C’est certainement une référence constante, mais je n’essaye pas de faire du copier-coller. J’ai découvert son cinéma en France, car j’étais à Paris au moment de sa mort et il y a avait beaucoup de rétrospectives de son travail. J’ai donc eu beaucoup d’occasions de me plonger dans son univers. J’ai un très bon souvenir des premières fois où j’ai vu ses films, avec une lumière et des couleurs formidables. Ses personnages sont passionnants, il a une manière de filmer très simple et directe, avec cet aller retour entre fiction et documentaire justement.
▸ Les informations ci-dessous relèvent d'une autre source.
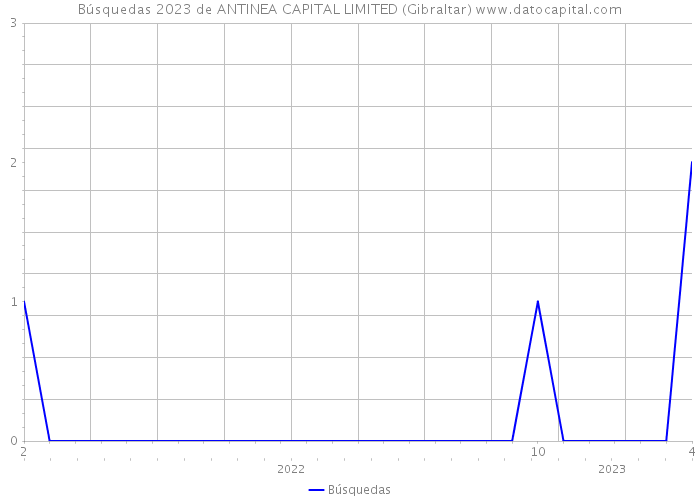 Búsquedas 2023 de ANTINEA CAPITAL LIMITED (Gibraltar)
Ce que j’aime bien chez Rohmer, c’est qu’après avoir passé dix ans de sa vie à tourner en 35mm, voire vingt ans, il a fait quelque chose que personne d’autre n’a fait : revenir au format amateur, le 16mm, mon format de préférence, et tourner avec un grain énorme que je trouve très beau. Je dirai que chez Rohmer il y a des dialogues plus littéraires que chez moi, car il écrit ses dialogues lui-même. Je pense que je ne pourrais pas faire ça. Je préfère simplement m’en inspirer et puiser mes forces dans ses films.

Le Bruit du dehors parle beaucoup de transition -les personnages sont entre deux endroits, deux boulots, deux moments de leurs vies…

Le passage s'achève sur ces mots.